Balzac is a hamlet in Rocky View County, which is in the Calgary Metropolitan Region of the Canadian province of Alberta. It is surrounded by Balzac East, an employment area to the east, and Balzac West, a planned residential community to the west. The hamlet is located immediately west of Queen Elizabeth II Highway (Highway 2), at the intersection with Highway 566, 24 km north of Calgary city centre and 12 km south of Airdrie.

The hamlet is located in census division No. 6 and in the Alberta federal electoral district of Banff—Airdrie (formerly in the federal electoral district of Wild Rose).

As of July 31, 2007, Balzac is immediately adjacent to Calgary's northern city limits.

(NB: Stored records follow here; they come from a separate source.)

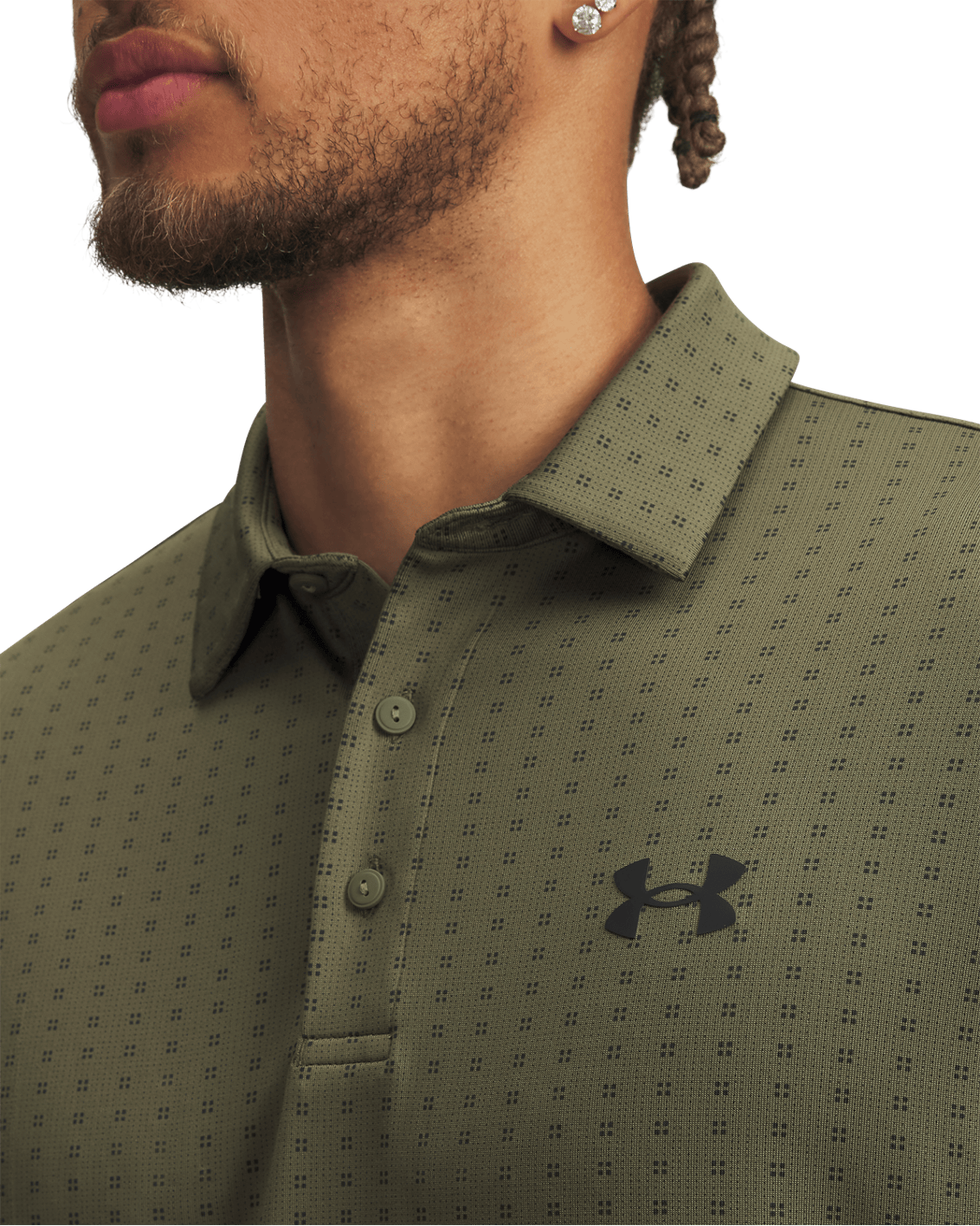 Under Armour Apparel UA Playoff 3.0 Printed Men's Polo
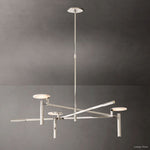 Maderno Clouded Alabaster Round Chandelier 45"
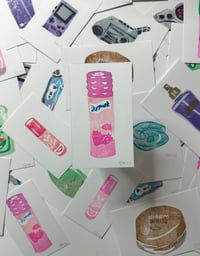 Image 5 of Y2K mini prints - bathroom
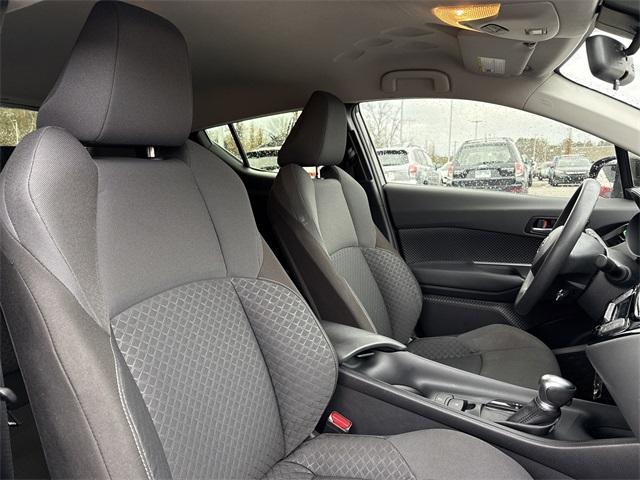 used 2021 Toyota C-HR car, priced at $15,750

Balzac is also directly west of the CrossIron Mills shopping mall.

==History==
A Canadian Pacific Railway station began operating at Balzac in 1910. It was named by William Cornelius Van Horne, then president of the Canadian Pacific Railway, after one of his favourite authors, Honoré de Balzac (1799–1850) a noted French novelist. The post office here was opened on April 1, 1912 under the name "Beddington" and was changed on July 1, 1925. The first warehouse was built in 1916, mostly for coal. Canadian Senator and senate reform advocate Bert Brown hails from Balzac.

== Geography ==
The Hamlet of Balzac comprises just over four quarter sections of land on the west side of Highway 2 (the Queen Elizabeth II Highway), mostly north of Highway 566. The hamlet bisected by a Canadian Pacific Kansas City rail line on its east side parallel to Highway 2.

The hamlet is part of the larger Balzac West area, which is bounded by Highway 2 to the east, the City of Airdrie to the north, Range Road 13 to the west, and the City of Calgary to the south. The Balzac West area is predominantly planned for residential development between Highway 566 to the south and the City of Airdrie to the north with non-residential uses planned for the east along Highway 2.

Across Highway 2 from the hamlet is Balzac East, which is 69 quarter sections of existing and planned employment and country residential land uses. Balzac East borders the City of Airdrie to the northwest and the City of Calgary to the south.

== Demographics ==
The population of Balzac according to the 2006 municipal census conducted by Rocky View County is 1.

== Economy ==
- Although not officially located within Balzac, the hamlet is immediately adjacent to the CrossIron Mills shopping centre, which is the largest single-level mall in Alberta. The business park surrounding the mall, which opened in 2009, saw the addition of a horse-racing track and casino in 2015, and is earmarked for an equestrian college campus and other businesses. The mall and surrounding businesses are officially within the Rocky View County, but the mall and business park is often referred to as being in Balzac because of its proximity to the hamlet.
- In early 2009, Wal-mart announced plans to spend million ($104.4 US million) to build a 400000 sqft distribution centre in the business park east of Balzac. The facility opened in late 2010 and acts as a distribution hub for fresh food in Western Canada.
- In late 2017 Amazon agreed to locate a 600000 sqft distribution centre. The facility is estimated to create 750 permanent jobs. According to Amazon's director of Canadian operations, Glenn Sommerville the location's proximity of the Calgary International Airport is optimal for faster shipping.
- The company Enterra has secured $30M to establish a breeding facility of insects such as the soldier black fly as a source for high protein animal feed. The facility will employ 30 staff and be operational in 2019.
- New Horizon Mall

==Media==
Due to its close proximity to both Calgary and Airdrie, Balzac receives most media (television, radio, newspapers) from those two cities.

Balzac Billy, a Groundhog Day prognosticator, resides in the community.